The Information and Communication Technology (ICT) is playing a very important role in the progress and advancement in almost all walks of life. The deregulated environment has provided an opportunity to restructure the means and methods of delivery of services in many areas, including the banking sector. The ICT has been a focused issue in the past two decades in Indian banking. In fact, ICTs are enabling the banks to change the way in which they are functioning. Improved customer service has become very important for the very survival and growth of banking sector in the reforms era. The technological advancements, deregulations, and intense competition due to the entry of private sector and foreign banks have altered the face of banking from one of mere intermediation to one of provider of quick, efficient and customer-friendly services. With the introduction and adoption of ICT in the banking sector, the customers are fast moving away from the traditional branch banking system to the convenient and comfort of virtual banking.

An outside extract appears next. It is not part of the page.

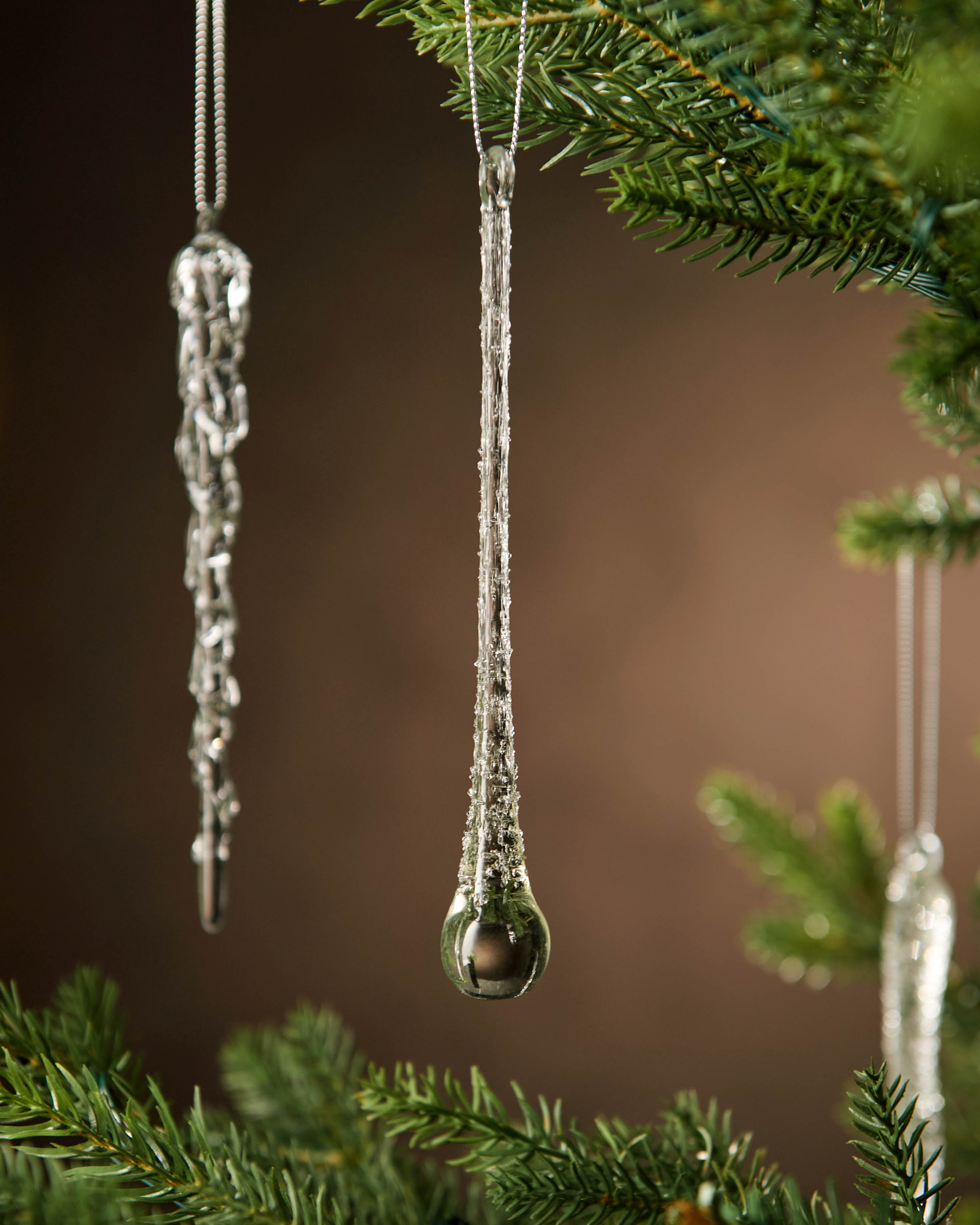 Set of 20 Frosted Glass Icicle Decorations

The most important virtual banking services are phone banking, mobile banking, Internet banking and ATM banking. These electronic channels have enhanced the delivery of banking services accurately and efficiently to the customers. The ATMs are an important part of a bank’s alternative channel to reach the customers, to showcase products and services and to create brand awareness. This is reflected in the increase in the number of ATMs all over the world. ATM is one of the most widely used remote banking services all over the world, including India. This paper analyzes the growth of ATMs of different bank groups in India.
International Scenario

If ATMs are largely available over geographically dispersed areas, the benefit from using an ATM will increase as customers will be able to access their bank accounts from any geographic location. This would imply that the value of an ATM network increases with the number of available ATM locations, and the value of a bank network to a customer will be determined in part by the final network size of the banking system. The statistical information on the growth of branches and ATM network in select countries.

Indian Scenario

The financial services industry in India has witnessed a phenomenal growth, diversification and specialization since the initiation of financial sector reforms in 1991. Greater customer orientation is the only way to retain customer loyalty and withstand competition in the liberalized world. In a market-driven strategy of development, customer preference is of paramount importance in any economy. Gone are the days when customers used to come to the doorsteps of banks. Now the banks are required to chase the customers; only those banks which are customercentric and extremely focused on the needs of their clients can succeed in their business today.